— Your objective —
Up to and including the line with "Primo piano con", return every line from the start of the entries below exactly.

— Data for the task —
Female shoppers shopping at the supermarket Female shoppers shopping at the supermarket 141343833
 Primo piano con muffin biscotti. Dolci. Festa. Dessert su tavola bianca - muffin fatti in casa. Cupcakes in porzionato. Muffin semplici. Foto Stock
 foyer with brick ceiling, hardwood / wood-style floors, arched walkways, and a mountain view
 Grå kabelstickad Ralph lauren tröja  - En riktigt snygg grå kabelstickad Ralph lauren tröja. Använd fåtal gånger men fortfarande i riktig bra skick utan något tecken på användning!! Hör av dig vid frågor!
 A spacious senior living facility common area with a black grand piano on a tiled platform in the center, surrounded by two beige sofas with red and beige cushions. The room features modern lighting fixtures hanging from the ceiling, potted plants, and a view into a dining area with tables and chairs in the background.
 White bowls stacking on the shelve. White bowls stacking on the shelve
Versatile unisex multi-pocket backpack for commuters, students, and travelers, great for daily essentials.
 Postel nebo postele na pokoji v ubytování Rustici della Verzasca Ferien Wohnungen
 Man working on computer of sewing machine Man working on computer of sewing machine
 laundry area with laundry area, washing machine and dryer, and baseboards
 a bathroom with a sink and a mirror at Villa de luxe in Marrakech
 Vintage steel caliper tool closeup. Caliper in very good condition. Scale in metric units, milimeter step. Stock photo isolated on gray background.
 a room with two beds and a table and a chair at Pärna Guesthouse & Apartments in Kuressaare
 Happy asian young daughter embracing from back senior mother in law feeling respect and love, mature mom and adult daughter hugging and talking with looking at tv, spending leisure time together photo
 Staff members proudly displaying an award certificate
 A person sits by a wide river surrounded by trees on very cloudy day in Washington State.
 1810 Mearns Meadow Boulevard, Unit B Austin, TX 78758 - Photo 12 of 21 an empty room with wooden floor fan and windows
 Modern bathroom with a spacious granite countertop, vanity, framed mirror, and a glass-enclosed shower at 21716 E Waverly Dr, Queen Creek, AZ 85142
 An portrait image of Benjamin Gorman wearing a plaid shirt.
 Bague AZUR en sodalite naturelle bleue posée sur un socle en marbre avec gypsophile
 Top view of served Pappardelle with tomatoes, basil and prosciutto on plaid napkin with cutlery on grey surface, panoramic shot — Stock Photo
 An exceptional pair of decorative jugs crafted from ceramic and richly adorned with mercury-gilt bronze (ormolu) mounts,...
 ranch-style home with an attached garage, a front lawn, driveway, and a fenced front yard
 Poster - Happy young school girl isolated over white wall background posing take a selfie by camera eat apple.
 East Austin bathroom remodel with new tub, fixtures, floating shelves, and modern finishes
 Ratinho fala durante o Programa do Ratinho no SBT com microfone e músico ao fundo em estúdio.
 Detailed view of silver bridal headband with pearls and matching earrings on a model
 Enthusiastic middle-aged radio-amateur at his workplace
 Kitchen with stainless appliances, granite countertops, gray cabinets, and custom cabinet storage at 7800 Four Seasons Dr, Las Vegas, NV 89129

— Task response —
Female shoppers shopping at the supermarket Female shoppers shopping at the supermarket 141343833
 Primo piano con muffin biscotti. Dolci. Festa. Dessert su tavola bianca - muffin fatti in casa. Cupcakes in porzionato. Muffin semplici. Foto Stock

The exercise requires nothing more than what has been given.